You know, I'd normally agree with you about this diluted point as it relates to many other things, but I can't here. For example - car racing is not just formula 1 or other top tier engineering categories. The vast majority of car racing is amateur and hobby stuff in comparatively low or very low spec vehicles. The difference is that you can "technically" compete with a formula one car on a racetrack in a 1997 nissan micra with 40hp. The micra can cruise around the track basically indefinitely, stopping only for fuel - and complete the race days after the f1 car. A road is a road.

This is not the case with mountain biking. All non mountain bikes basically explode on contact with mountains. It's self selecting such that people who continue to mountain bike past the first outing or two, must do so on a purpose built good quality bike.

It is in this distinction, that you are missing the point.

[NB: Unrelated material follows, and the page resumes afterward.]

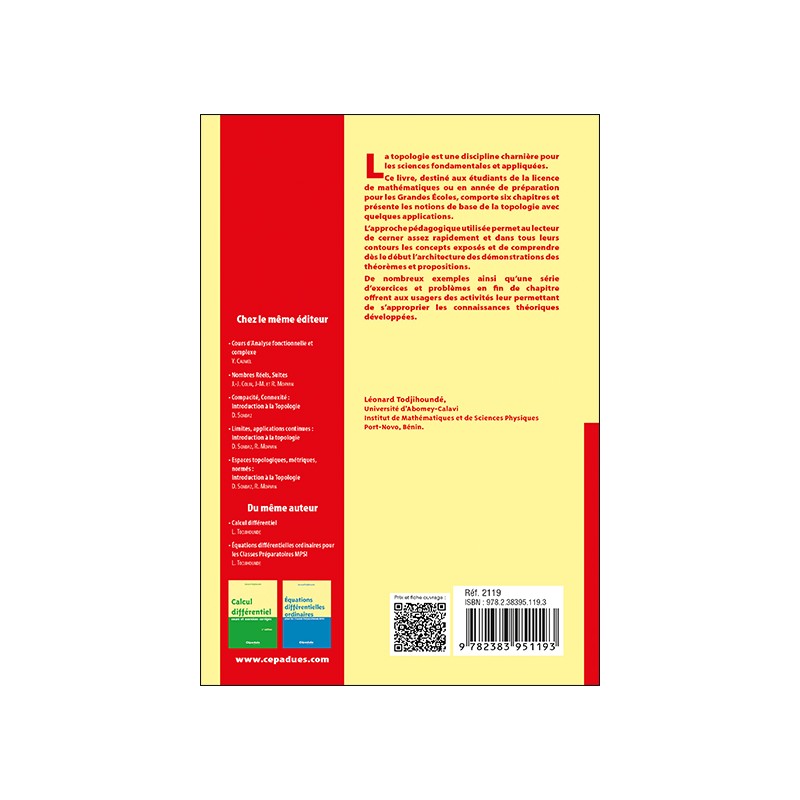 Topologie élémentaire, 3e édition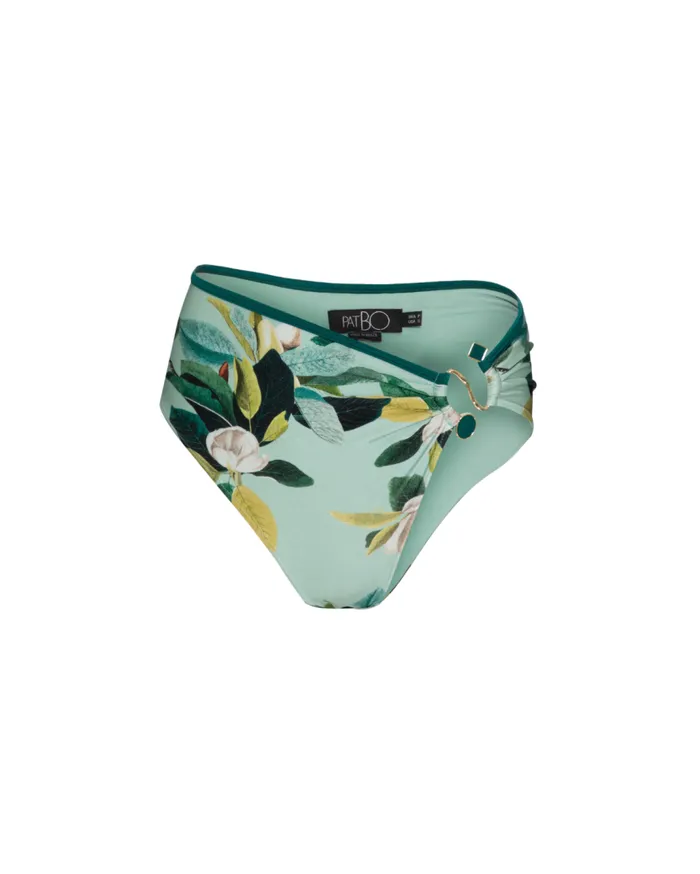 Swim Magnolia High Leg Bikini Bottom PatBO Bikinis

It's unacceptable to me that when I have _clearly_ been talking in the context of real mountain biking, you are now deciding, it seems, to take the totally walked back, side stepped, and frankly revisionist approach of only now saying "well technically these bikes are labeled mountain bikes so I'm right". Nuh uh.


> I was very clear and explicit that I was giving this criticism from the perspective of not "anybody" but rather someone who actively mountain bikes

Yeah, and everybody else was pretty clear and explicit that that perspective is irrelevant to, like, 95% of people.

Edited to add:

> You have now moved on to confusing the way marketers lie in their descriptions of bikes in order to sell to the ignorant, with the actual and established sports that comprise mountain biking and the bikes used therein.

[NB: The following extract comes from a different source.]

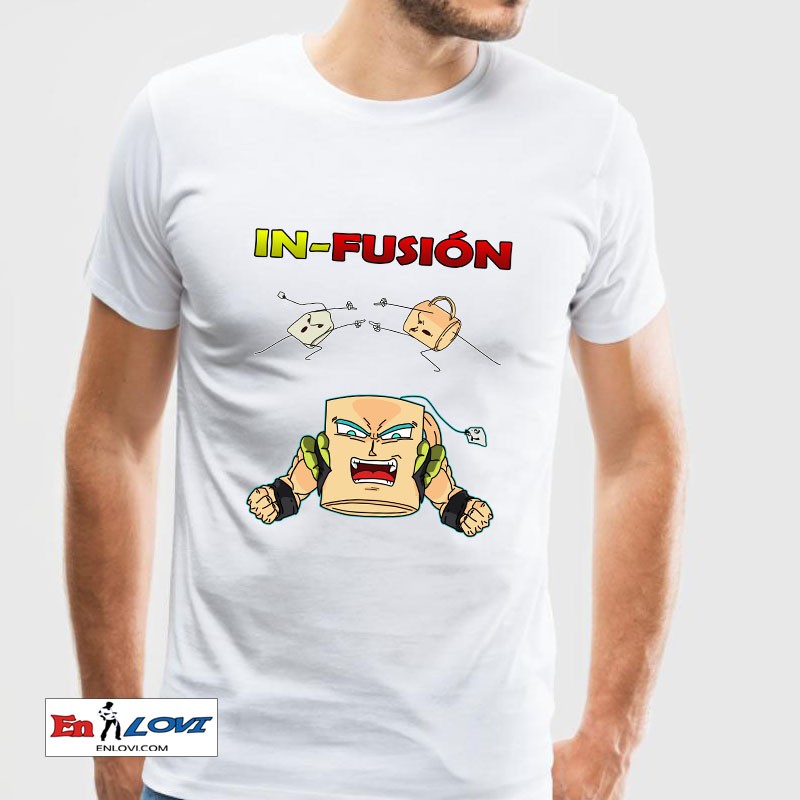 Camiseta para hombre In-Fusión color blanco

That's not the problem. The problem is that you started out by confusing the "actual and established sports that comprise mountain biking and the bikes used therein" with this discussion, which was an ordinary amateur consumer talking about ordinary amateur consumer products and reviews thereof, and every time someone tried to steer the discussion back to the topic at hand, you've gotten more and more snitty-snotty about your irrelevant No True Mountain-Biking Scotsman perspective.

HTH!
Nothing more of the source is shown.